WHEN President-elect Clinton takes office in January, he is expected to face one fewer major economic challenge: The United States banking system, which only a year ago looked as if it were about to slip into the type of financial disaster that characterized the savings-and-loan industry, is turning in its best earnings ever.

Moreover, tough new rules, effective the week of Dec. 21, are expected to enable regulators to move more quickly to prevent bank crashes - and the ensuing erosion of public confidence. The new law requires, among other steps, that banks set aside two cents of every dollar in deposits as a cushion against losses.

The increasingly upbeat assessment of the banking industry can only come as welcome news to the Clinton economic team; escalating costs associated with the cleanup of the thrift industry - running into the hundreds of billions of dollars - has been a recurrent nightmare for the Bush administration.

The relatively rosy banking scenario contrasts sharply with the political drama faced by another newly elected Democratic administration when it took office 60 years ago next year: In 1933 the incoming Roosevelt administration had to first shore up the troubled banking system before it could enact legislation to rejuvenate the economy.

"We're definitely seeing a national upturn for the banking industry," says Robert Foley, an analyst with Veribanc Inc., a bank rating and research firm in Wakefield, Mass. "Despite some regions with special problems for banks, such as California, where the economy is in trouble, the credit problems linked to banks have definitely declined."

Wall Street investors, meantime, continue to favor selected bank stocks.

Through the first nine months of 1992, the US banking industry racked up a record $24.1 billion in profits. And 1993 is shaping up as also good, experts say. The industry's previous best year was 1988, when US banks earned $24.9 billion.

Not all industry experts are euphoric about the well-being of the nation's 11,600 commercial banks.

Even generally upbeat analysts, such as Prof. Paul Nadler, of Rutgers University, in Newark, N.J., argue that the industry must modernize to remain competitive with well-financed and aggressive new nonbank "banks," ranging from consumer companies like Sears, Roebuck & Co. and American Express, to commercial credit providers such as General Electric. Moreover, foreign banks continue to make inroads in the US.

Several months ago federal bank regulators predicted that about 20 banks and at least 20 thrift institutions might not be able to meet the tough new bank standards. Independent presidential candidate Ross Perot referred to this problem as a "December surprise." But it appears that the biggest surprise is that there will be no surprise - that only a few troubled institutions may require federal intervention. "The bank failures are mainly behind us," Professor Nadler says.

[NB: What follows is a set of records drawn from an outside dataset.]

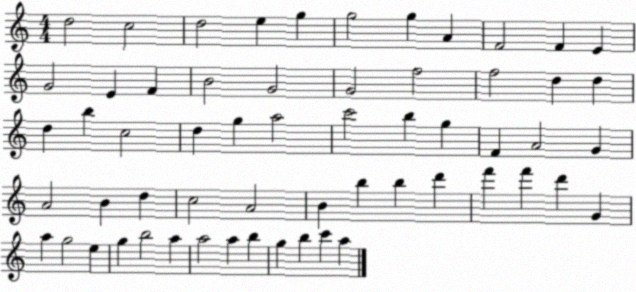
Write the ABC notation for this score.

X:1
T:Untitled
M:4/4
L:1/4
K:C
d2 c2 d2 e g g2 g A F2 F E G2 E F B2 G2 G2 f2 f2 d d d b c2 d g a2 c'2 b g F A2 G A2 B d c2 A2 B b b d' f' f' d' G a g2 e g b2 a a2 a b g b c' a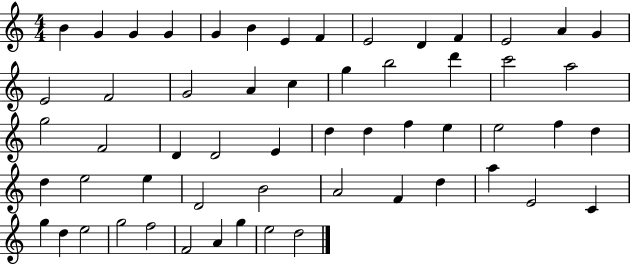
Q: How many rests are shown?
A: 0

Banks are currently paying depositors about 3 percent interest on short-term savings accounts. The banks then take that money and buy long-term US government Treasury bonds that earn between 5 and 7 percent interest. Banks are clearly having more fun lending to Uncle Sam than making commercial loans - the industry's traditional business. According to federal data, as of June the investment portfolios of banks - where their assets are invested - stood at $734 billion, compared with only about $550 billion

in outstanding loans to businesses and industry.

Tom Miller, a policy analyst for the Competitive Enterprise Institute, a Washington think tank, says the gains for many banks resulting from the interest rate spread "are illusionary," constituting a "false spring."

Mr. Miller is concerned that when interest rates start to rise, banks will have to increase payments to depositors to hold existing accounts; at the same time, banks could sustain losses on their government bonds, since the value of bonds drops as interest rates climb. Current federal deposit insurance gives bankers too much latitude to take risks, he says.

Edward Kane, a finance professor at Boston College, says that much of the upbeat news on banking is "propaganda" and that lawmakers and regulators need to remember that there would be politically unacceptable risks for saddling the American public with another costly bailout, as occurred with the thrift industry. Professor Kane says that about one-sixth of the nation's commercial banks remain "troubled" and that the industry, despite having made gains, is far from being out of the economic woods.